Fixing issues, moving on
Rapid growth did not come without complications. When buying a company we are very open but sometimes it's not possible to know what your exact plans are; you do your due diligence but you need to get inside structures.
There is an optimum moment to get into the workings and try to detect and fix any problems - it can't be done too quickly or you won't get a true sense of the situation.
There was an acquisition a few years ago I left as a stand-alone for too long. We lost €1m - I saw where I went wrong and took the hard lesson.
I don't let regret eat into my self-confidence - better to focus on what I've learned rather than beat myself up.
Women in Business
Pre-Covid I would travel a lot and always at least a couple of days every week. At 4.30am I am on the road to Dublin or heading to Cork airport.
I overcompensate at the weekend trying to spend every minute with my three-year-old twin boys - I am reluctant to make a hair appointment or meet a friend if I have been away.
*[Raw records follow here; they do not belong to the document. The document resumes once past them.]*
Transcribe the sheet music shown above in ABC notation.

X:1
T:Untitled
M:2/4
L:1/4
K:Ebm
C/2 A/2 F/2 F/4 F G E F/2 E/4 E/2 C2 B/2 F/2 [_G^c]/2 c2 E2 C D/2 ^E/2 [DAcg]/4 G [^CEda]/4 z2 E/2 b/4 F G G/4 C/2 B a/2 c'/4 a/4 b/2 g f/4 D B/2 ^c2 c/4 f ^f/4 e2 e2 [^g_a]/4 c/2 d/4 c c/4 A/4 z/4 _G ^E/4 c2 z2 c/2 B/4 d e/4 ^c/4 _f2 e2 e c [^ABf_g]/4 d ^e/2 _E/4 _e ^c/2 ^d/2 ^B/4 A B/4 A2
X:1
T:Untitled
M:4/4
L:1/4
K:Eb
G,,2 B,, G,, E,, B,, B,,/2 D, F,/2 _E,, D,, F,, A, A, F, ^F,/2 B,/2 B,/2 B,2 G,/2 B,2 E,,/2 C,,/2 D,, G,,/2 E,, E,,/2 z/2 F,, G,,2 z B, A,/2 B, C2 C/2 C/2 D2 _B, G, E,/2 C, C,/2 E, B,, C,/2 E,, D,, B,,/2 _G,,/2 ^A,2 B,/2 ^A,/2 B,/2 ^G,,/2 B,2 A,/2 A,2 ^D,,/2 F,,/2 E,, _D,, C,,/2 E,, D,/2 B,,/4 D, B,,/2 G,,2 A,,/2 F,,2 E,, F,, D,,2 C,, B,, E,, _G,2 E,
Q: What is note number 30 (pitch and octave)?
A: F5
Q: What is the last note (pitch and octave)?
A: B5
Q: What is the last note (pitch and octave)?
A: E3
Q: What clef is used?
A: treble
The kids will only be small for so long and this presses on my mind.
I feel men are made up differently in this respect - there is no benefit to saying we are all the same.
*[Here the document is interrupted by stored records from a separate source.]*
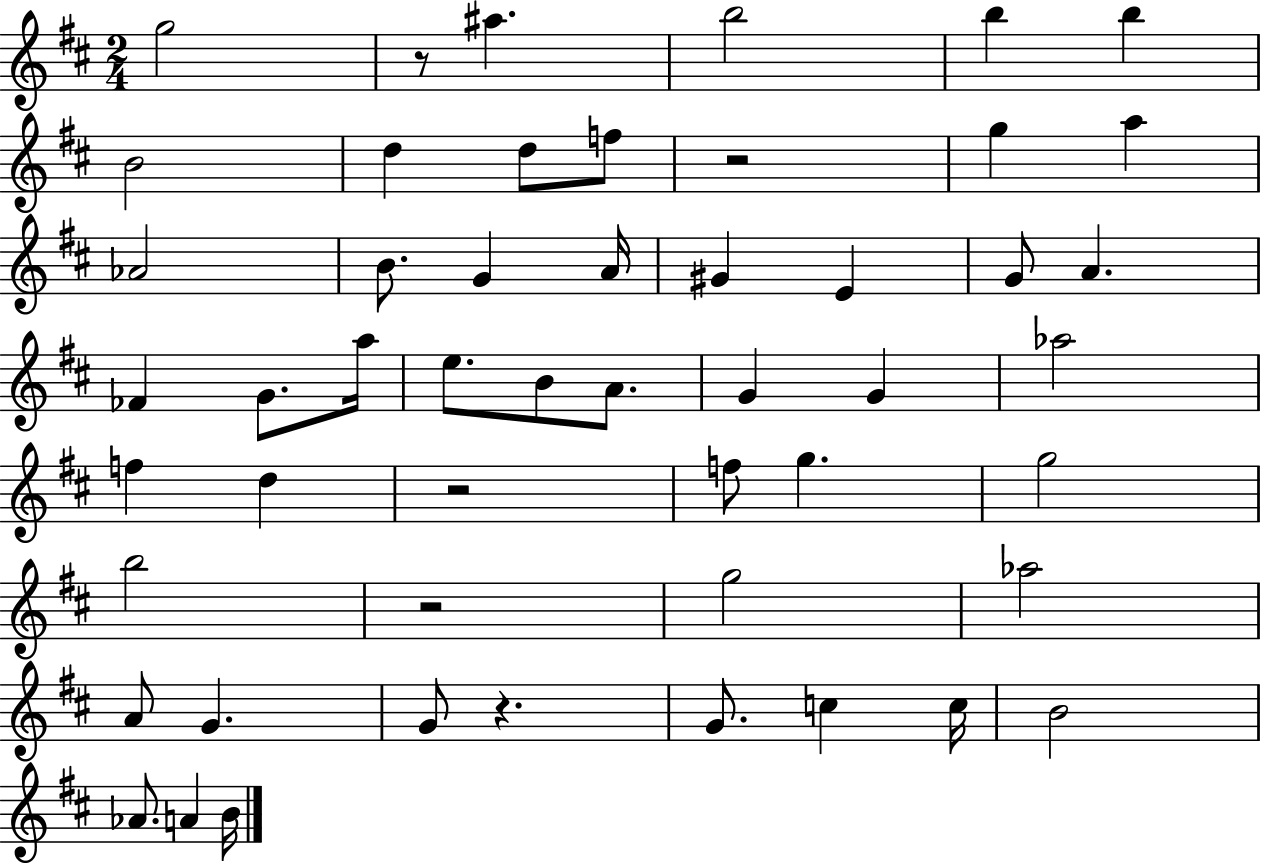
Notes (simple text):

G5/h R/e A#5/q. B5/h B5/q B5/q B4/h D5/q D5/e F5/e R/h G5/q A5/q Ab4/h B4/e. G4/q A4/s G#4/q E4/q G4/e A4/q. FES4/q G4/e. A5/s E5/e. B4/e A4/e. G4/q G4/q Ab5/h F5/q D5/q R/h F5/e G5/q. G5/h B5/h R/h G5/h Ab5/h A4/e G4/q. G4/e R/q. G4/e. C5/q C5/s B4/h Ab4/e. A4/q B4/s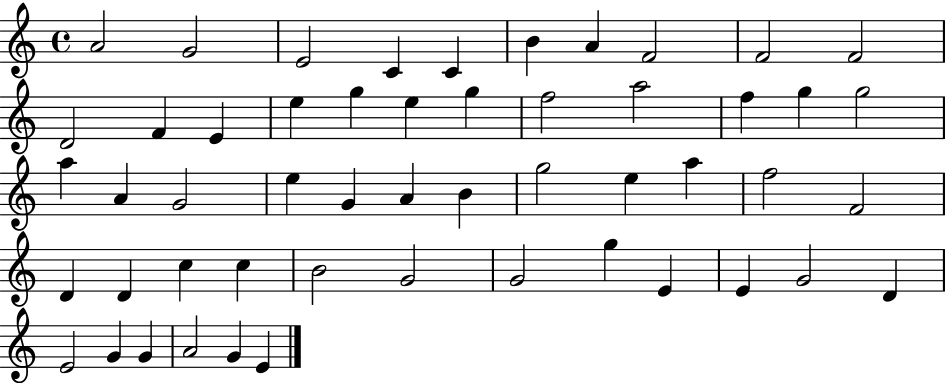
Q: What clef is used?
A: treble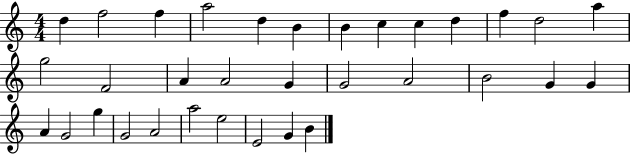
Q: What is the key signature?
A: C major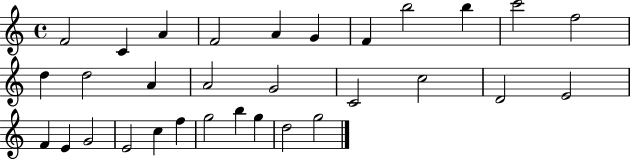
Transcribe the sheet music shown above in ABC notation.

X:1
T:Untitled
M:4/4
L:1/4
K:C
F2 C A F2 A G F b2 b c'2 f2 d d2 A A2 G2 C2 c2 D2 E2 F E G2 E2 c f g2 b g d2 g2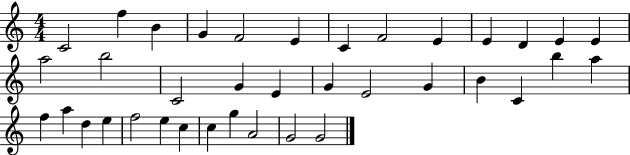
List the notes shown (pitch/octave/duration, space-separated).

C4/h F5/q B4/q G4/q F4/h E4/q C4/q F4/h E4/q E4/q D4/q E4/q E4/q A5/h B5/h C4/h G4/q E4/q G4/q E4/h G4/q B4/q C4/q B5/q A5/q F5/q A5/q D5/q E5/q F5/h E5/q C5/q C5/q G5/q A4/h G4/h G4/h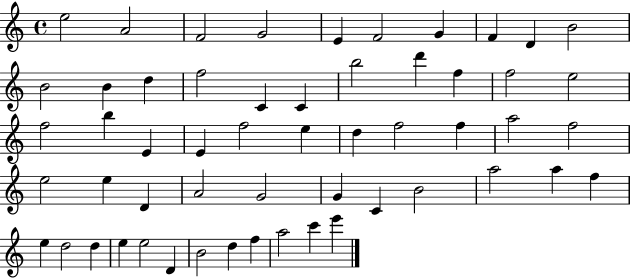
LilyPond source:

{
  \clef treble
  \time 4/4
  \defaultTimeSignature
  \key c \major
  e''2 a'2 | f'2 g'2 | e'4 f'2 g'4 | f'4 d'4 b'2 | \break b'2 b'4 d''4 | f''2 c'4 c'4 | b''2 d'''4 f''4 | f''2 e''2 | \break f''2 b''4 e'4 | e'4 f''2 e''4 | d''4 f''2 f''4 | a''2 f''2 | \break e''2 e''4 d'4 | a'2 g'2 | g'4 c'4 b'2 | a''2 a''4 f''4 | \break e''4 d''2 d''4 | e''4 e''2 d'4 | b'2 d''4 f''4 | a''2 c'''4 e'''4 | \break \bar "|."
}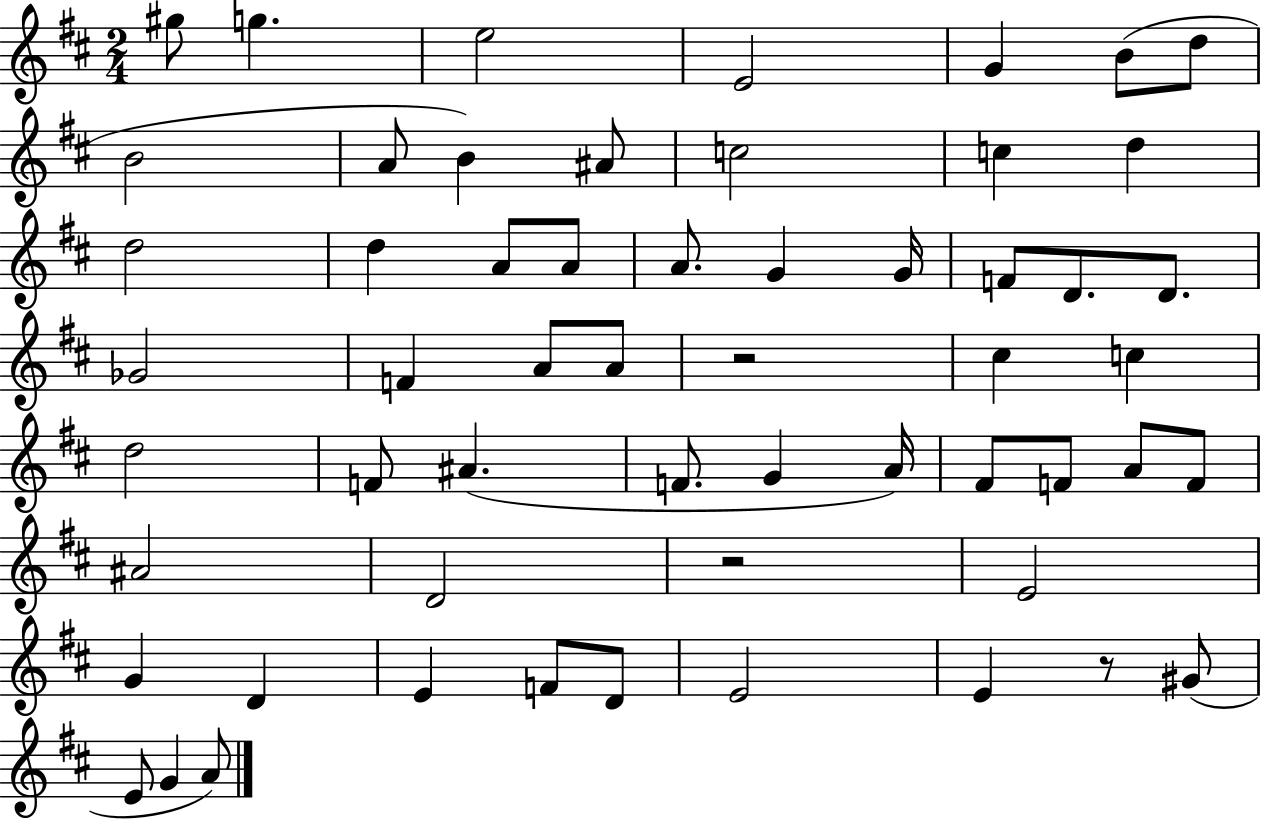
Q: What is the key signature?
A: D major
I'm aware women can be a lot harder on themselves; they often need more feedback to prompt going for a promotion or asking for a pay rise.
Being a leader running a business I am proud my management team is 40pc female - there are no quotas, they are the best people for the job.
I also know I would have lost many of them if flexibility was not there when they needed it.
Eye of the storm
We are a large company, but not a multinational. Most of our back office is in Ireland, so when Covid-19 struck we were nimble.
The pandemic has been the third most stressful time of my life.
The first was having twins, the second was when my mother was dying in hospital five years ago, and the third was the first few weeks of lockdown when I had no childcare in what was our busiest time at work ever.
While surgical demand fell, in a three-week period we had three years' worth of orders in areas such as life saving equipment - most we could deliver. We had not sold visors before but sold around five million of them.
Top of our agenda now is ensuring critical product lines in case of a second wave.
I am based in Cork and when visiting our other offices I always schedule walking around time to chat - it's useful to know Mary's mum is in hospital and that is why she is not performing at her best. Getting to know your employees is always time well spent.
When travelling I schedule as many monthly business meetings as possible. I often have a business dinner - no two days are identical.
Our retention rate is high, we have a friendly, tight-knit culture and this has not changed with growth. My biggest fear with working from home is that we lose some of this cohesion - we have tried to replicate this with Friday informal calls.
Through lockdown I have been sending a weekly video message and I'm going to continue with this when we return to the office as it's a useful way to update and keep everyone involved.
We ran an employee survey and found people would like to work from home a couple of days a week and I'm open to this. At the start of lockdown there was a mad dash for hardware so proper work stations will have to be set up.
I'm not happy unless I am very busy and exercise helps me switch off but I have let this slip over the last few years.
I found I only had the time at 5am or 11pm so my solution has been to treat myself to a Peloton bike - still in the box - as I need the motivation of an exercise class.
At the moment I'm in perpetual motion, squeezing five days into four. The boys are up at 7am and I'm up earlier to get a couple of hours' work done. I have childcare three days a week;
I am very lucky as usually my sister minds the twins but a family friend has stepped in as she is shielding.
I'm a night owl and won't be in bed before midnight. I find it hard to step away from the laptop - every new email generates five more so I need to stop trying to get ahead on what tomorrow will bring.
I'm looking forward to getting the Peloton set up this weekend so I can get more of a balance.